Many homeowners are set to see hundreds of pounds knocked off the annual cost of their mortgages.

The reductions will come as lenders recalculate interest rates to take into account last year's cuts.

Borrowers with annual review mortgages are set to see repayments on a £60,000 mortgage fall by up to £76 a month as they benefit from the two per cent drop in interest rates seen during last year.

Annual review mortgages, which are offered by some of the UK's major lenders including Halifax and Nationwide, set the rate at which a loan is repaid at the beginning of the year.

The rate does not move with interest rate cuts or rises but is recalculated at the end of the year to take them into account, with some lenders deducting the amount customers have overpaid due to rate changes from the sum they owe.
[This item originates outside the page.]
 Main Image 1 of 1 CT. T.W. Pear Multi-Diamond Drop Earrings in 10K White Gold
The mortgages were popular during periods of interest rate volatility as monthly payments stayed the same throughout the year, helping people to budget.

The majority of lenders review rates for these mortgages between the beginning of January and April.
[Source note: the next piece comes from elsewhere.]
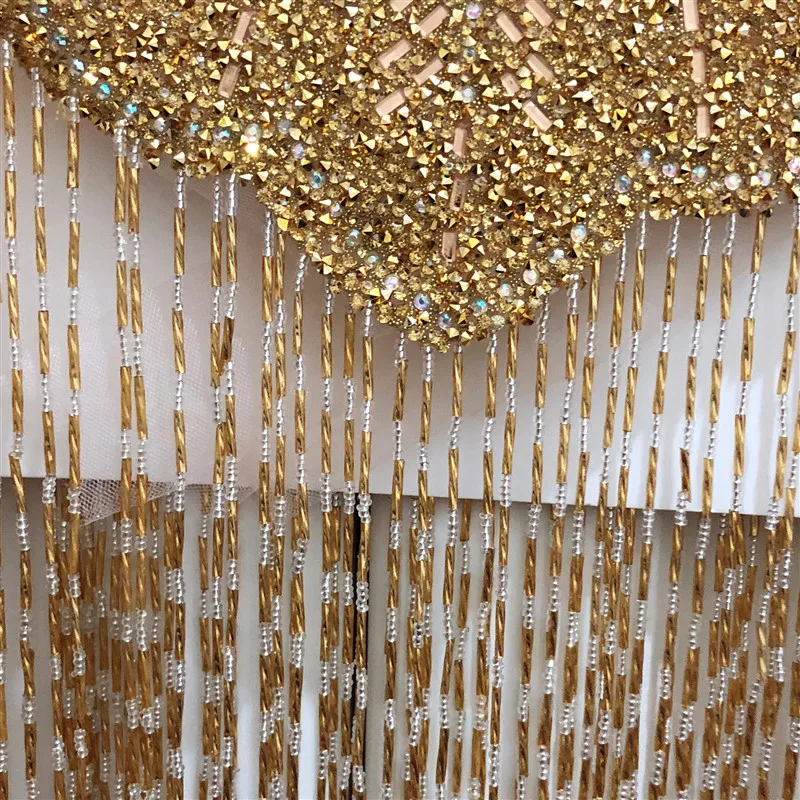 

new gold Red black and silver wedding embroidered crystal beaded tassels collar appliques Fringe length 30cm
Cheltenham and Glou-cester said borrowers on its Annual Instalment Review Scheme would see their mortgage interest rate fall to 5.95 per cent from March 1, after being 7.50 per cent since March 2001.
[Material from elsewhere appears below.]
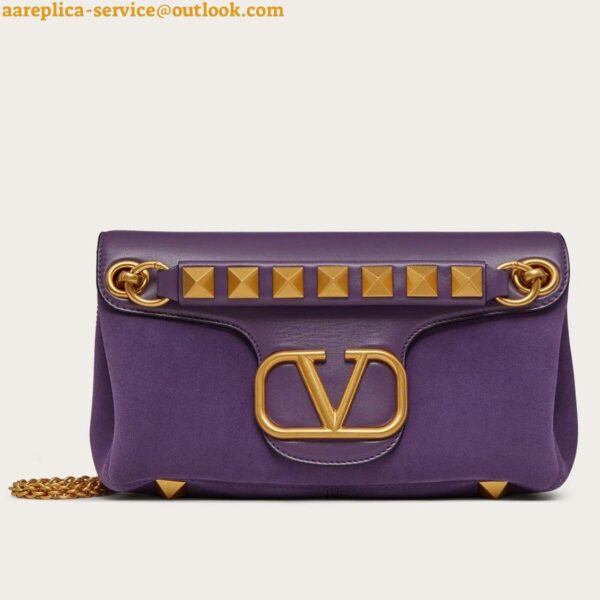 Replica Valentino Stud Sign Shoulder Bag In Purple Nappa Leather 6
The reduction will knock almost £60 off monthly repayments on a £60,000 mortgage, reducing them to £388.92 from £448.55 during the previous year.

Halifax is waiting for the results of this week's meeting of the Monetary Policy Committee before it sets the rates for its Budget Plan mortgage for the year from April 1, 2002.

But the group said if interest rates remain at four per cent, borrowers would see a significant reduction of about two per cent, with their rate coming down from 7.74 per cent to around 5.75 per cent.

Nationwide is set to reduce the rate for people with an annual review option on their mortgage from February 1 to 4.74 per cent compared with 7.09 per cent in February last year.